We used a direct connection to our RDS instance in the past, and we suffered no issues.
However, as we scaled up, we started hitting connection limits, so we deployed a pgbouncer machine and redirected our elixir services to use the pgbouncer.
We did follow the guide at Postgrex — Postgrex v0.19.3 and set the db config to prepare: :unnamed
, and that allowed us to enable transaction pooling in our pgbouncer.

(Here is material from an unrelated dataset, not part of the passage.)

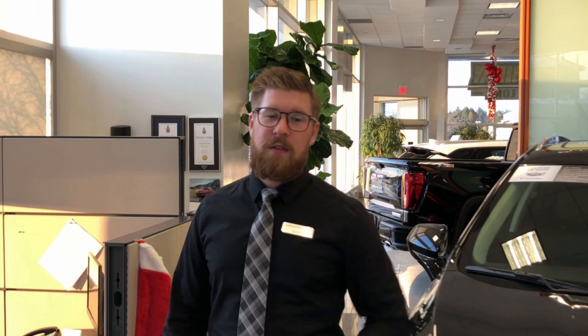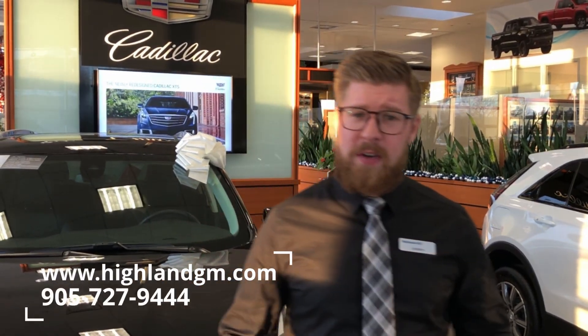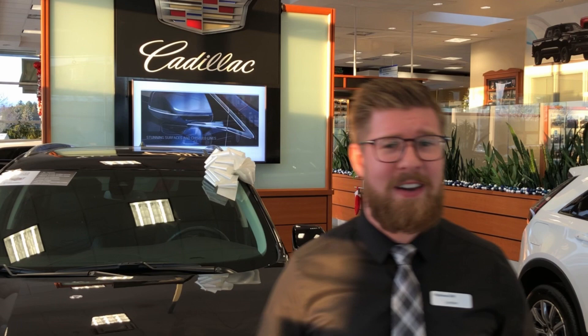Thank you so much, Jack. Folks, this has been the certified pre-owned program from General Motors. From all of us here at Highland, we'd like to thank you for watching this video. If you have any further questions, please call us at the number below, visit our website, or come see us in person. We're located at 15783 Yonge Street, right here in Aurora, Ontario.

Most of our services are just phoenix servers with JSON or GraphQL APIs, and those remain unaffected. However, two smaller aspects still keep failing irregularly with the following error:
DBConnection.ConnectionError
connection not available and request was dropped from queue after 2411ms. This means requests are coming in and your connection pool cannot serve them fast enough. You can address this by: 1. Ensuring your database is available and that you can connect to it
2. Tracking down slow queries and making sure they are running fast enough
3. Increasing the pool_size (although this increases resource consumption)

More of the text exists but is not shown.